Bagi yang baralek, maka sudah menjadi adat di kampung kita bahwa undangan perempuan akan membawa beras dalam kampian sebanyak 3 cupak.[7] Sedangkan kaum lelaki cukup membawa badan saja. Ketika akan pulang, dimana hajad telah selesai ditunaikan maka fihak tuan rumah akan mengganti beras dalam kampia tadi dengan pinyaram, kalamai, dan kue-kue. Namun yang penting sekali ialah pinyaram dan kalamai. Kemudian juga yang membuat perayaan Katam Kaji ini menjadi khas ialah setiap undangan akan memberikan uang yang diberikan disaat bapitaruah ketika bersalaman hendak pulang. Uang ini diberikan kepada ibunda si anak atau kerabat perempuan lain yang menjadi pemimpin baralek ini.[8]
Kami tengok sendiri, anak-anak yang berkatam kaji pada masa dahulunya ialah anak-anak yang memang sudah tamat bacaan Al Qur’annya. Sesuai dengan namanya Khatam yang berasal dari Bahasa Arab berarti “tamat”. Namun sekarang, kami tak pula begitu faham, kami dengar kebanyakan dari mereka belumlah tamat bacaan Qur’annya. Dan ti tidak pula salasai Tajuwidnya, serta tidak bagus iramanya. Sudilah kiranya engku dan encik memberi tahu kami, benar atau tidak kabar itu..
Dan, dahulupun di setiap kampung pastilah selalu diadakan Katam Kaji setiap tahunnya. Sebab ramai anak-anak mengaji ke surau. Namun pada masa sekarang, sudah banyak surau-surau di beberapa kampung di Kamang yang tidak memiliki anak mengaji. Sehingga tidak semua kampung melakukan Alek Gadang ini.
Apa gerangan yang terjadi dengan kampung kita engku dan encik sekalian? Kenapa dapat serupa ini yang berlaku? Pada hal jumlah anak-anak di kampung kita bukannya berkurang melainkan bertambah..!
Kami khawatir, kalau-kalau beberapa tahun mendatang tidak lagi anak mengaji di kampung kita. Janganlah sampai berlaku hal yang demikian hendaknya.

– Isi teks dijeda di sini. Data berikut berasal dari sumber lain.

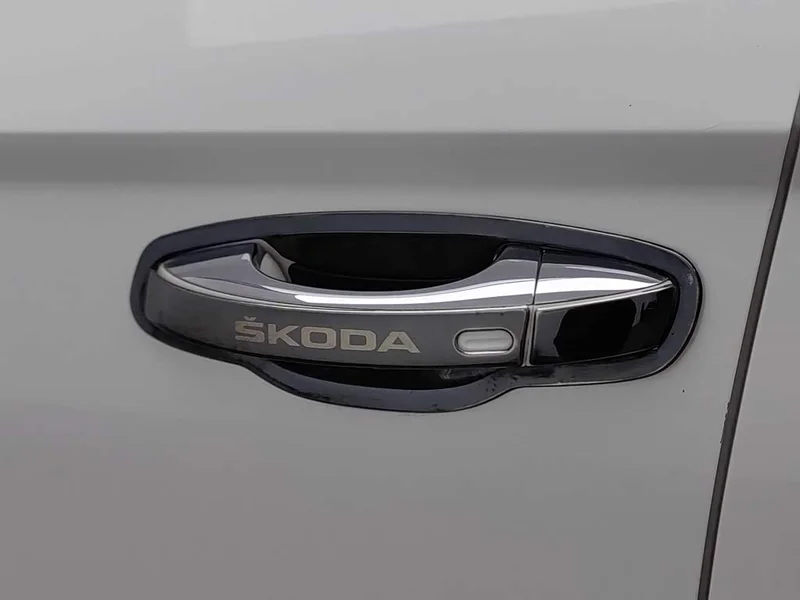 Skoda Karoq — фото 18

Semakin jauh saja kampung kita dari agama.
Semoga Allah Ta’ala selalu menjaga kampung kita agar selalu berada di JalanNya, Amiin..
[1] Orang Kamang biasa menyebut Khatam Al Qur’an dengan sebutan Katam Kaji. Berasal dari kata Khatam yang menjadi Katam dalam lidah orang Kamang dan Kaji yang berarti Mengaji (membaca) Al Qur’an.
[7] Pada masa sekarang, sudah banyak orang yang hanya membawa 2 cupak saja. Mungkin karena kehidupan pada masa sekarang bertambah berat, entahlah engku dan encik sekalian.
[8] Ada juga kepada neneknya, sebab neneknya yang mengurusi segala hal dalam baralek katam kaji ini. Sebab ibundanya tak ikut mengurus karena berada di rantau dan hanya ketika baralek saja taico (sempat) pulangnya.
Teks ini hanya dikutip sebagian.